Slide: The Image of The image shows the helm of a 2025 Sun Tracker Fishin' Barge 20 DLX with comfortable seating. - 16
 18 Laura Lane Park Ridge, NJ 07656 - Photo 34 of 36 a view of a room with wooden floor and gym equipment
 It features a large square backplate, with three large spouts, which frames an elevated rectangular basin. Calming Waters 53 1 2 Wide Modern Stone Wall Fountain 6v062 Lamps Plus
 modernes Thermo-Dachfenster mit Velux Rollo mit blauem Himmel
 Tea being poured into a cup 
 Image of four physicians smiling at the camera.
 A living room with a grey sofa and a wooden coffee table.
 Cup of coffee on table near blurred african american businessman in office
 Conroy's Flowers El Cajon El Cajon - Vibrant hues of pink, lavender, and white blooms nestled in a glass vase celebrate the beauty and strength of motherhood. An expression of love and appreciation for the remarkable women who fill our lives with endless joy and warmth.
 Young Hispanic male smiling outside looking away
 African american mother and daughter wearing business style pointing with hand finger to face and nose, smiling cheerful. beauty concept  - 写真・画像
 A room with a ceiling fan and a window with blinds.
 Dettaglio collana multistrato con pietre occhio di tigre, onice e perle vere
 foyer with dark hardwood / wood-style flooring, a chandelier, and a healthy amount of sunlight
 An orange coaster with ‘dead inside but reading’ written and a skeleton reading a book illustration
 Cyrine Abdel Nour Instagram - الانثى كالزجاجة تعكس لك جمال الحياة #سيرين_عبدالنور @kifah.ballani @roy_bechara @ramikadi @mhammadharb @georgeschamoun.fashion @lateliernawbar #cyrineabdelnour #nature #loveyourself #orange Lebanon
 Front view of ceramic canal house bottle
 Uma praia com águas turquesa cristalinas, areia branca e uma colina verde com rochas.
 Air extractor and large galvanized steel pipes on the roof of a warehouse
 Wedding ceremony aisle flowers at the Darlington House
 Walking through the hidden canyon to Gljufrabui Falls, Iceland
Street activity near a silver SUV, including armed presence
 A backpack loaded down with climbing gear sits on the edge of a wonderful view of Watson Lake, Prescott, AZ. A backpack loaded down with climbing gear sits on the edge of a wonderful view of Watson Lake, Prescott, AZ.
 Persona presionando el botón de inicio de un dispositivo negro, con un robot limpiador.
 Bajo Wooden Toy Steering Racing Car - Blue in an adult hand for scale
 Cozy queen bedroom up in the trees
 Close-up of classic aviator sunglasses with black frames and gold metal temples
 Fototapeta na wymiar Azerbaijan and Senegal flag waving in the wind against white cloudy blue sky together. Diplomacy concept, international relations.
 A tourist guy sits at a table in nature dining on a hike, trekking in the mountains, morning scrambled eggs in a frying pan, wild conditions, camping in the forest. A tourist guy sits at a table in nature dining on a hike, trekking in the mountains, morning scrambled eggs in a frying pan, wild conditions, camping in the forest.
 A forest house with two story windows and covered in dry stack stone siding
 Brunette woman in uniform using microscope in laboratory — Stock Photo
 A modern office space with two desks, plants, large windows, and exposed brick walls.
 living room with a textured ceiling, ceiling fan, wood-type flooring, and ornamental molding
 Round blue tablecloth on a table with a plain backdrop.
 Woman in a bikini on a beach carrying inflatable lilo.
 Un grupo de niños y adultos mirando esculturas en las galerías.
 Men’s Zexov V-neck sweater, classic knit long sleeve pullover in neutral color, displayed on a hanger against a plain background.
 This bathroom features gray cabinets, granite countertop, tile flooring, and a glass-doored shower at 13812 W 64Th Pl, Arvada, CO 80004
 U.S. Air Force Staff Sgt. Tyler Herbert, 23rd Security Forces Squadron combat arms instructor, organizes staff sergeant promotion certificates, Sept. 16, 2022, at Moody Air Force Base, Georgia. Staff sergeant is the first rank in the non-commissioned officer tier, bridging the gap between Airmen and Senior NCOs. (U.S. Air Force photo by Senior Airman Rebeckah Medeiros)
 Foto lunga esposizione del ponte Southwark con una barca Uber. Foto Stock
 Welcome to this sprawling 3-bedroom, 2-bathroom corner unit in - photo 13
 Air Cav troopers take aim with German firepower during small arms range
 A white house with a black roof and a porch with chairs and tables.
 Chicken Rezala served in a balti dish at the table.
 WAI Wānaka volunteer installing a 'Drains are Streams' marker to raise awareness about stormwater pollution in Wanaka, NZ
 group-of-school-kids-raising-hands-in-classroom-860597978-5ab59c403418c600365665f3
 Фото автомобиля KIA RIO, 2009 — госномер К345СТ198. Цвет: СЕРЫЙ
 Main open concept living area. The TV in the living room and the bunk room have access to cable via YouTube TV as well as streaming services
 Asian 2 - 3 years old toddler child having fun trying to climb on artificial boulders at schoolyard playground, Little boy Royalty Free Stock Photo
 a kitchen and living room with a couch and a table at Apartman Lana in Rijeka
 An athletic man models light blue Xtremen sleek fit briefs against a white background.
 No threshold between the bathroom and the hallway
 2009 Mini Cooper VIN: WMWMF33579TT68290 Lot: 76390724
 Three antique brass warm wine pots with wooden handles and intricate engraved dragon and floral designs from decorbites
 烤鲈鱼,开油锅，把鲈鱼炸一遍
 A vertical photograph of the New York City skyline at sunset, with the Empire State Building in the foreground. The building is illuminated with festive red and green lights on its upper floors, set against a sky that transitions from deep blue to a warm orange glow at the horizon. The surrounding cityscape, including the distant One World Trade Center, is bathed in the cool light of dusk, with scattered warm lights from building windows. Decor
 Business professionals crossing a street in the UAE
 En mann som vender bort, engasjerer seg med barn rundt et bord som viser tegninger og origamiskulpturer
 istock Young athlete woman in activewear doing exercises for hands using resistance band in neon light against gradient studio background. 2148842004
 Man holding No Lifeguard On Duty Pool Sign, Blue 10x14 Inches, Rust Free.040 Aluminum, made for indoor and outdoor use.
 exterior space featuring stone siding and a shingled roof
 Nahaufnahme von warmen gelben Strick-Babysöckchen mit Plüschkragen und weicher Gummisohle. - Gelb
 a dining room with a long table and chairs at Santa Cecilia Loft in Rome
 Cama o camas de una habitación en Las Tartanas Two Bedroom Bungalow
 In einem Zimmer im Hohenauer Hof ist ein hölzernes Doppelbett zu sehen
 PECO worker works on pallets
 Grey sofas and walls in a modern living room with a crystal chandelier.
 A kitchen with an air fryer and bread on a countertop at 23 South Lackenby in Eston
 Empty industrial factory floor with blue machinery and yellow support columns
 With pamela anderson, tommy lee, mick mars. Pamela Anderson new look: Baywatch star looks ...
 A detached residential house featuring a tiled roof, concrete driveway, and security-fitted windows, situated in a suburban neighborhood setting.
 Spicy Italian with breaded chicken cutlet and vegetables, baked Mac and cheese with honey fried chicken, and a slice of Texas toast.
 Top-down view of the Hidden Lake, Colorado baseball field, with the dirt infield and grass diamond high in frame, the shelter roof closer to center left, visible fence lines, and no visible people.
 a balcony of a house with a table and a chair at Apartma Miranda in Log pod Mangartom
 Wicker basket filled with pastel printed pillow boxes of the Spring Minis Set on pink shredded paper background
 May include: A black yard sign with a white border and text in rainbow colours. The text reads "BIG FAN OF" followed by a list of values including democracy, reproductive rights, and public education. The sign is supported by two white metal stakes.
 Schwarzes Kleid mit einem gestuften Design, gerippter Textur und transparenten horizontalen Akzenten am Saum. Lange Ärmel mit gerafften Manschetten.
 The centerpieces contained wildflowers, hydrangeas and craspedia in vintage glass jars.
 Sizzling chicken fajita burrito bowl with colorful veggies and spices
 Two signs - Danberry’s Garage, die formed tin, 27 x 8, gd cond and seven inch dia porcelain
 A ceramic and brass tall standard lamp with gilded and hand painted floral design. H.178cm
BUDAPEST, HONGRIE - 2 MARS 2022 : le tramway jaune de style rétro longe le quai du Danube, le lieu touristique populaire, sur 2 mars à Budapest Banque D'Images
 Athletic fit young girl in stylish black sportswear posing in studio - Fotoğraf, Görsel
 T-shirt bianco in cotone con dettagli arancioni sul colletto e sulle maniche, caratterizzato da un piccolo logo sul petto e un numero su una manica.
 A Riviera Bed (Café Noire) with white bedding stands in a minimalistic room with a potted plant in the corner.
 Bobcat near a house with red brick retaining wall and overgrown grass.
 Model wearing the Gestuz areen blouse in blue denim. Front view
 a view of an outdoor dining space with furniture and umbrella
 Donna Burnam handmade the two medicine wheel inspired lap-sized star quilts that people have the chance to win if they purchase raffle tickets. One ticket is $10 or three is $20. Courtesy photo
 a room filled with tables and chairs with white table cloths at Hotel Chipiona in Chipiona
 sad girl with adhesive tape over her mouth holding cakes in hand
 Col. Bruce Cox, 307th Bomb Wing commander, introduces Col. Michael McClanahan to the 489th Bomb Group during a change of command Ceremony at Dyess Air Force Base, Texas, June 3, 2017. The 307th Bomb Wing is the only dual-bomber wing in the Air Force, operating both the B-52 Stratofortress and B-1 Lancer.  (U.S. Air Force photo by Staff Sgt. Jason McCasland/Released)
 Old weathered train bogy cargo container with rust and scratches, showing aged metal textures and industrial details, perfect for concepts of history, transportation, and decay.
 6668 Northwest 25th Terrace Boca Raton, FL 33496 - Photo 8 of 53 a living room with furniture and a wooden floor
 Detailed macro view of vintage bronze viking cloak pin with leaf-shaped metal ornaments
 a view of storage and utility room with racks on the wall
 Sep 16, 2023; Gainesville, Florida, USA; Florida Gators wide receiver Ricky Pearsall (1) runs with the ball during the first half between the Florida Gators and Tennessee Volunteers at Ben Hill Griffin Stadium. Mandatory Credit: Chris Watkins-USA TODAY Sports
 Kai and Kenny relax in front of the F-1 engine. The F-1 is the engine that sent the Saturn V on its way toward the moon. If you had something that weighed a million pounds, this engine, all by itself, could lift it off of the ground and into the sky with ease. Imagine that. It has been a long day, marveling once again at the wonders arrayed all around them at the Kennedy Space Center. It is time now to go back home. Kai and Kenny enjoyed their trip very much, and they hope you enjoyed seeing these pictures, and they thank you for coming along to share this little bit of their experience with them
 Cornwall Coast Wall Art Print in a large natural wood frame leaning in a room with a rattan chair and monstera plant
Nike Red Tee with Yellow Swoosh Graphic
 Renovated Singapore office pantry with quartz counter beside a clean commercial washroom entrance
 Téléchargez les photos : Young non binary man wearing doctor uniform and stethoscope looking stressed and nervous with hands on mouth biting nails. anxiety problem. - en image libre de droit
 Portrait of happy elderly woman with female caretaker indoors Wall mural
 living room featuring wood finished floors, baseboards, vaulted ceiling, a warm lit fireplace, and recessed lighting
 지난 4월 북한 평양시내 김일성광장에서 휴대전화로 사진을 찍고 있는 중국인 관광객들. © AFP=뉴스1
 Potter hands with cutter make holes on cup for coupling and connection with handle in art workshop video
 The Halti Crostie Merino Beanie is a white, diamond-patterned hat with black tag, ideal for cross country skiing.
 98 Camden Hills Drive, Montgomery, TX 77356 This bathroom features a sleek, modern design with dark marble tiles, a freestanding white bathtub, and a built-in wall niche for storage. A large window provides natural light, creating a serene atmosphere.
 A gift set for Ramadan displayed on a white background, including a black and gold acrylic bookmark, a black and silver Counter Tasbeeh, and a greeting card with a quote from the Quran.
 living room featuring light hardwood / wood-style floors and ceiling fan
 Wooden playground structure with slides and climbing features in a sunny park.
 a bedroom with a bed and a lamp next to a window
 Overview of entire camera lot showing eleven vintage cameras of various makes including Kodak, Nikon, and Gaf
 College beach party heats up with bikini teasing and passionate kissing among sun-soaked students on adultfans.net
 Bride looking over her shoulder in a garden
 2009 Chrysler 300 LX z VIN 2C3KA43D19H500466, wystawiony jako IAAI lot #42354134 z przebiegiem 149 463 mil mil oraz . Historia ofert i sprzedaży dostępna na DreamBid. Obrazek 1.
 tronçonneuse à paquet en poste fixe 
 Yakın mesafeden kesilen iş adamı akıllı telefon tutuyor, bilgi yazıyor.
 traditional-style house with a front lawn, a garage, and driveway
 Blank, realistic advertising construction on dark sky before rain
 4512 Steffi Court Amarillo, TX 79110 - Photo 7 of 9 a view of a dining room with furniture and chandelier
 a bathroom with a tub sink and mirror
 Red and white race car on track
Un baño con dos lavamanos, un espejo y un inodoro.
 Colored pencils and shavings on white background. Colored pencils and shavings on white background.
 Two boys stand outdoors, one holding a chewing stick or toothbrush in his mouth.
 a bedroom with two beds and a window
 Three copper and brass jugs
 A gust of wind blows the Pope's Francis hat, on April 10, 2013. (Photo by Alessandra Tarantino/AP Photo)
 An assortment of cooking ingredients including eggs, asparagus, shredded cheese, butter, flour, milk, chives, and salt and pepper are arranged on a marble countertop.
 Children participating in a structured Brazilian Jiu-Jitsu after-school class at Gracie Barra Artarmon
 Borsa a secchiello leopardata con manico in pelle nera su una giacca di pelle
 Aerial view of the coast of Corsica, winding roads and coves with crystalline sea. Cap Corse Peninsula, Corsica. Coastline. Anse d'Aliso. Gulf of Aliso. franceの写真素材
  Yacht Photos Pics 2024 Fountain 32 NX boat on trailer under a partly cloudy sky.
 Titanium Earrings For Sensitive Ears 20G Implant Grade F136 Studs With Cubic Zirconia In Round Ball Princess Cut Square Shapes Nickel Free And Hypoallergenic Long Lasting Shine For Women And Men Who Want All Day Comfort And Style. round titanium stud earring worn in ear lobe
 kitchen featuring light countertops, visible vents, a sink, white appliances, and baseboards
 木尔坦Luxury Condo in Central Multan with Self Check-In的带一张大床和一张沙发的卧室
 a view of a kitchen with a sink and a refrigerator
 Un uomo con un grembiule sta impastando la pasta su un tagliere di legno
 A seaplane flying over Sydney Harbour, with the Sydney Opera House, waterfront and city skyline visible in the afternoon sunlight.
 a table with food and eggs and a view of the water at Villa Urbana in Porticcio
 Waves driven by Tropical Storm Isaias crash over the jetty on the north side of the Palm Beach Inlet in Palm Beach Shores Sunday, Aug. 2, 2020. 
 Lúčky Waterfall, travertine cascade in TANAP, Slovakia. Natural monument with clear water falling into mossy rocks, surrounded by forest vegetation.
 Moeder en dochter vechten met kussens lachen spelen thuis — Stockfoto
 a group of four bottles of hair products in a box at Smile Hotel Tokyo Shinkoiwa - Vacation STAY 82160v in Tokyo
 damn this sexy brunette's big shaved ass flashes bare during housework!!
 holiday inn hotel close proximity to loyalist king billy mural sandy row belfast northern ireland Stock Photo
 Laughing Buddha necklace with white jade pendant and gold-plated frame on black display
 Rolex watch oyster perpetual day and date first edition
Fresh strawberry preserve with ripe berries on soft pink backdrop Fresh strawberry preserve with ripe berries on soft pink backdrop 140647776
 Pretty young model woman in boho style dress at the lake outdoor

------------------------------------------------------------------------

--- What to work on ---
After locating the line with "With pamela anderson, tommy" in the material above, return it and each line after it exactly, ending at the line with "Spicy Italian with".

--- Solution ---
 With pamela anderson, tommy lee, mick mars. Pamela Anderson new look: Baywatch star looks ...
 A detached residential house featuring a tiled roof, concrete driveway, and security-fitted windows, situated in a suburban neighborhood setting.
 Spicy Italian with breaded chicken cutlet and vegetables, baked Mac and cheese with honey fried chicken, and a slice of Texas toast.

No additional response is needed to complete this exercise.